L’indéfinition doit aussi sa présence à une règle d’or, quant à elle bien contemporaine : celle du silence. « Tout le monde a envie de la même chose ici. Et tout le monde se l’interdit. » assène Anne, dans l’un des rares instants où elle s’autorise une analyse à voix haute de la situation. Car son parcours sera celui d’une solitude. Tombée enceinte, elle sait que son destin se joue (« J’aimerais avoir un enfant un jour, mais pas un enfant au lieu d’une vie »), et va entamer le chemin de croix de l’avortement clandestin.
Audrey Diwan ne propose pas de film à thèse : la question n’est pas celle d’un débat sur le sujet – et pour cause, il n’est pas possible d’en parler, mais de proposer une étude de cas. Anne se destine à des études et une carrière d’écrivain - elle deviendra Annie Ernaux, qui racontera 40 ans plus tard cette étape de sa vie dans son roman éponyme. Son parcours est celui d’une femme qui refuse le déterminisme et oppose à un état de fait la possibilité de choisir. Cette obsession rappelle à de nombreuses reprises le cinéma des frères Dardenne, qui collent à leur protagoniste (Rosetta, ou Sandra dans Deux jours, une nuit) pour capturer l’énergie du désespoir.

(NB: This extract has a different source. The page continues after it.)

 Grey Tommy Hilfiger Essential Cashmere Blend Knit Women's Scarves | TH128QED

Toute la mise en scène se rive ainsi sur Anne, qui ne quittera jamais l’écran, qu’elle y soit plein cadre ou en amorce, enfermée dans de longues prises qui accompagnent sa marche forcée. Audrey Diwan cherche moins à en faire une protagoniste qu’une solitude, essuyant une série de refus et d’abandons : le format en 1 : 37 n’offre aucune perspective, et les bascules de point prennent ici une dimension presque tragique, accentuant l’impossibilité de tout échange, et le renvoi systématique à sa seule responsabilité.
L’incroyable Anamaria Vartolomei parvient à conjuguer l’émotion à une certaine opacité : le questionnement n’est pas à l’ordre du jour, et si elle se permet quelques mises au point, l’horizon est ailleurs. Son avenir consiste à quitter un corps qui se greffe à elle de la même manière qu’elle est pour l’instant rivée à une catégorie sociale. Les quelques incursions chez les parents insistent sur cette mise à distance, qui sera au cœur d’une réflexion majeure de l’écrivaine par la suite, notamment dans La Place.

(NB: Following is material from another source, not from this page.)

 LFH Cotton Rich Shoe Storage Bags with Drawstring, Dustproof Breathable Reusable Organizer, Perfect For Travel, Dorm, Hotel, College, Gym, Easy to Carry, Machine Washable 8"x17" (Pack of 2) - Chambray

Mais cette thématique de l’opposition n’est jamais traitée dans la radicalité : s’il prend parti pour Anne, le récit n’épargnera rien de la réalité horrifique de l’avortement, que ce soit pour la mère ou le fœtus, lors de séquences particulièrement éprouvantes. La quête d’émancipation, le désir de jouissance construisent aussi le portrait d’une jeune fille qui peut, à son âge et dans ses élans, faire preuve d’imprudence ou de comportements que d’aucuns pourraient assimiler à de l’égoïsme. Et si le traitement insiste avec une empathie jamais voyeuriste sur son isolement extrême, il ménage aussi quelques brèches par lesquelles entre la lumière : les propos d’un professeur, la confidence d’une camarade, ou l’étreinte d’une mère. À ce titre, l’une des plus belles séquences du film se déroulera à la table des parents, hilares devant leur programme radio, et que leur fille contemple avec intensité. Déchirée de ne pouvoir leur dire ce qui la tourmente, émue de la simplicité évidente par laquelle le bonheur peut se présenter, et consciente qu’elle regarde un monde qu’elle s’apprête à quitter. Cette séquence achève de dévoiler le véritable propos du film. S’il entre évidemment en écho avec la tendance générale rétrograde à revenir sur le droit à l’avortement, et fonctionne comme une piqûre de rappel sur la réalité qu’une telle décision engendre, L’Événement ne brosse pas le portrait d’une militante. Il accompagne un être fragile, en devenir, au carrefour de son destin, et qui décide de prendre le risque alors inconsidéré de la liberté.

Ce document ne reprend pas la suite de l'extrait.